Imagen1.png

The transition from being privately held to publicly held offers benefits both to a company and investors. Historically, most companies have taken the route of the traditional IPO. Traditional IPOs require a thorough underwriting process and are subject to a plethora of regulations making them lengthy and at risk of falling through. Whereas Special Purpose Acquisition Companies (SPACs) are hollow companies whose sole purpose is to acquire early-stage companies to take them public. The target company becomes publicly traded by merging with the SPAC. 

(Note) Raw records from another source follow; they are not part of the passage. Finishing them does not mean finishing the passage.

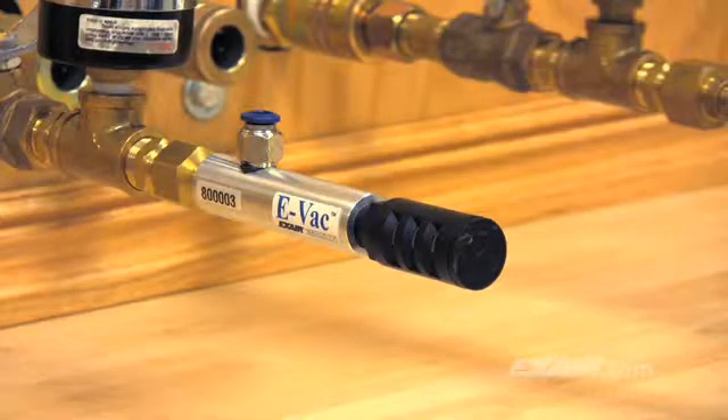The low level vacuum prevents any warping, marring, dimpling, or disfiguring of the surface due to excessive vacuum. This style generates more vacuum flow to overcome porosity and leakage.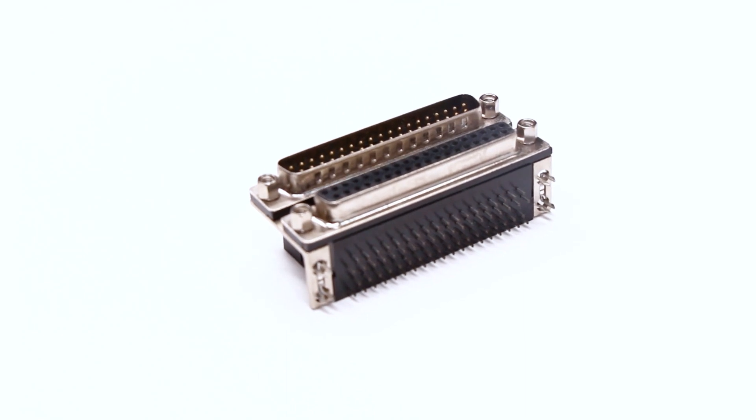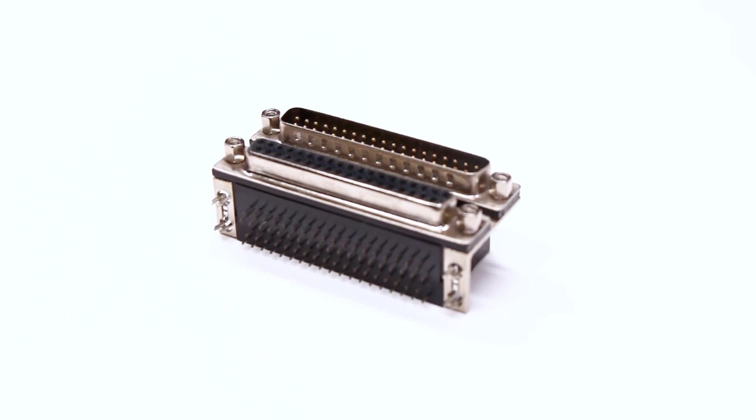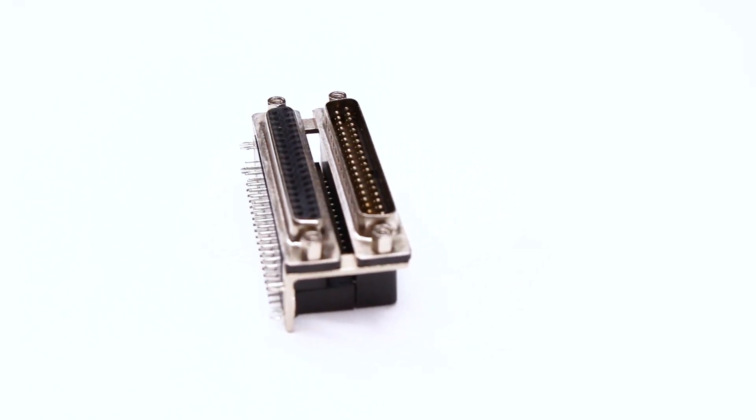Addressing a wide variety of applications in telecommunications, data, consumer, industrial, instrumentation, and medical. Elect B online shop offers a wide range of D-sub connectors to meet various design requirements, including those in harsh environments.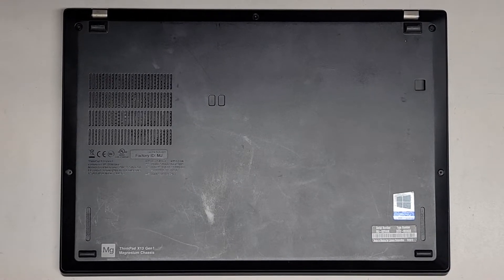I'm going to be showing how to open up and disassemble this ThinkPad X13 Gen 1.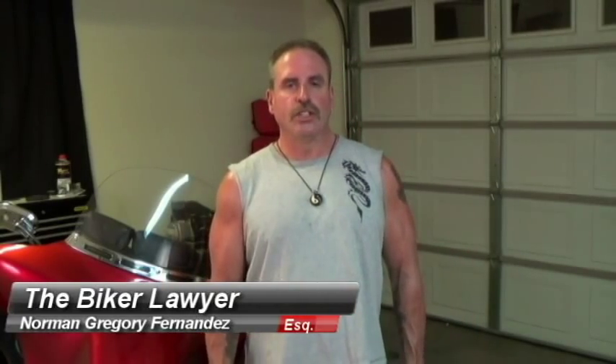Hello, welcome. My name is attorney Norman Gregory Fernandez, also known as the Biker Lawyer. You can read my blog at bikerlawblog.com — B-I-K-E-R-L-A-W-B-L-O-G. Today we're going to discuss how to hardwire a GPS in your Harley-Davidson motorcycle.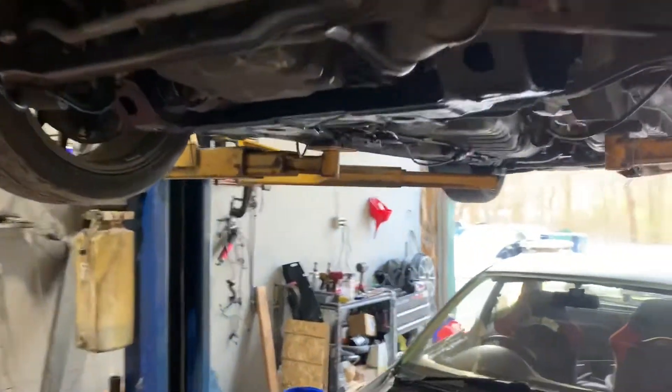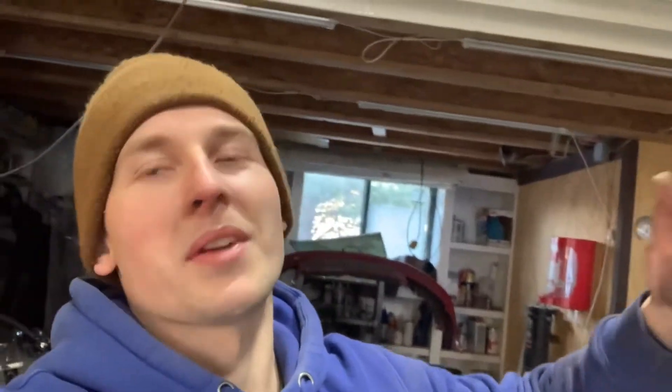The flywheel is still good — we're going to get it resurfaced. She's gonna come back better and stronger and hopefully we can make some serious power. That's it for today's video. I know it wasn't very exciting but we are making progress on the GTR. Spring is right around the corner and I really want to drive this thing and make some real power, so we'll see how that works out. Until then, I'll see you guys in the next one.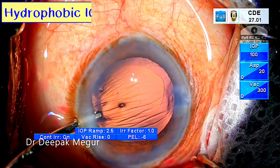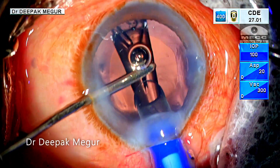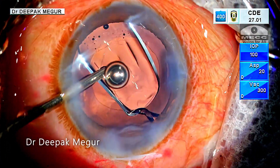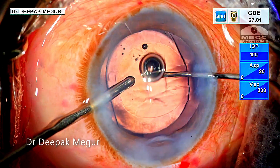A few more cases. The key to remember is that the chamber and the capsular bag have to be well formed at all times. While implanting the lens, distortion of the wound should be avoided, as this would compromise the depth and stability of the anterior chamber and the capsular bag.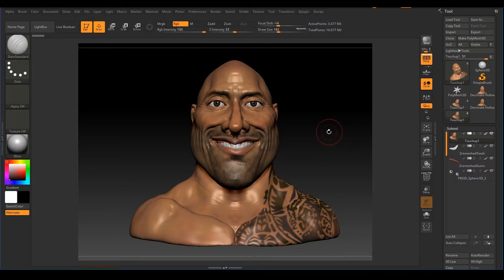Now that we are done sculpting our caricature, we need to get it ready for 3D printing. There are several things we need to do: combine all geometry together, since 3D printing services only accept one solid object; make the model hollow to save on cost, especially for prints 4 inches or more; decimate the mesh to reduce polygons; and unwrap the character to transfer paint onto the 3D print.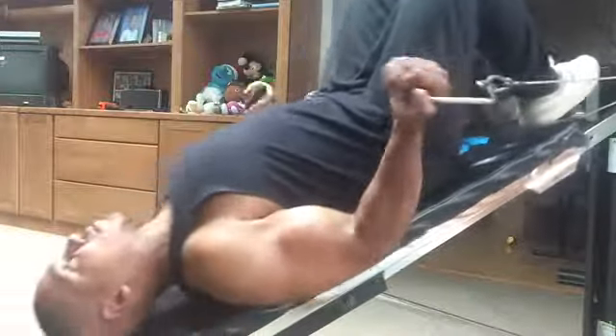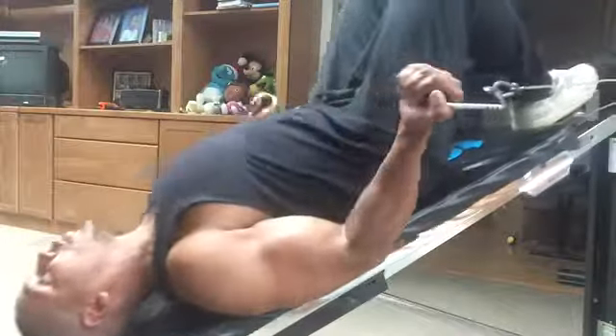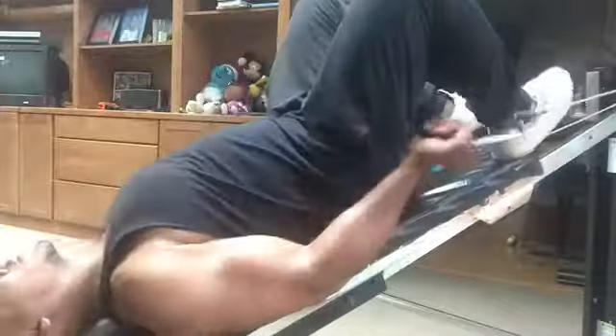Welcome to Back in Shape with T. I'm Tarashe and today I'm pumping without the iron, using mostly all body weight exercises and apparatuses to get an arm bursting workout.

As a substitute for the traditional route, the last few years have seen an unprecedented jump in target companies utilizing SPACs to go public. In 2020, SPACs raised $79.87 billion in proceeds from 237 public offerings, surpassing the $13.6 billion raised in 2019. Further, fundraising from SPAC IPOs surpassed that of traditional IPOs, which raised $67 billion in 2020.

Imagen2.jpg

The SPAC route has recently been favored by growth companies—especially those in innovative industries, for example, companies developing technology that is not currently a dominating market, like LEO satellites, but projected to grow in the coming years. Possible reasons for this include that SPACs have more flexibility in their valuations of not-yet-profitable companies and can give more serious consideration to future earnings. Additionally, target companies have more leverage to market themselves and promote their offering through a SPAC than a traditional IPO due to regulatory differences. Further, asset manager ARK Invest that builds funds specifically around these “disruptive innovation” companies was among the most successful this year across all industries, which speaks to the potential of this market. 

Astra, an innovative rocket launch company, recently announced its IPO by merging with SPAC, Holicity. Astra is currently in the final development stages for its rocket launch systems, which would support its goals of providing satellite delivery services. Dubbed “the FedEx of space,” Holicity’s acquisition of Astra values the company at $2.1 billion. The capital generated from the merger offers the company the opportunity to accelerate its development process of manufacturing smaller, inexpensive rockets that can be controlled remotely and shipped anywhere. The SPAC route to a public offering is particularly favorable for Astra for the same reasons it is favorable for other innovative companies that do not yet offer their services or products to customers and do not yet turn a profit: firstly, the IPO proceeds provide the company with the capital needed for the development of its services, and secondly, it values the company based heavily on potential future growth, rather than traditional profitability metrics. 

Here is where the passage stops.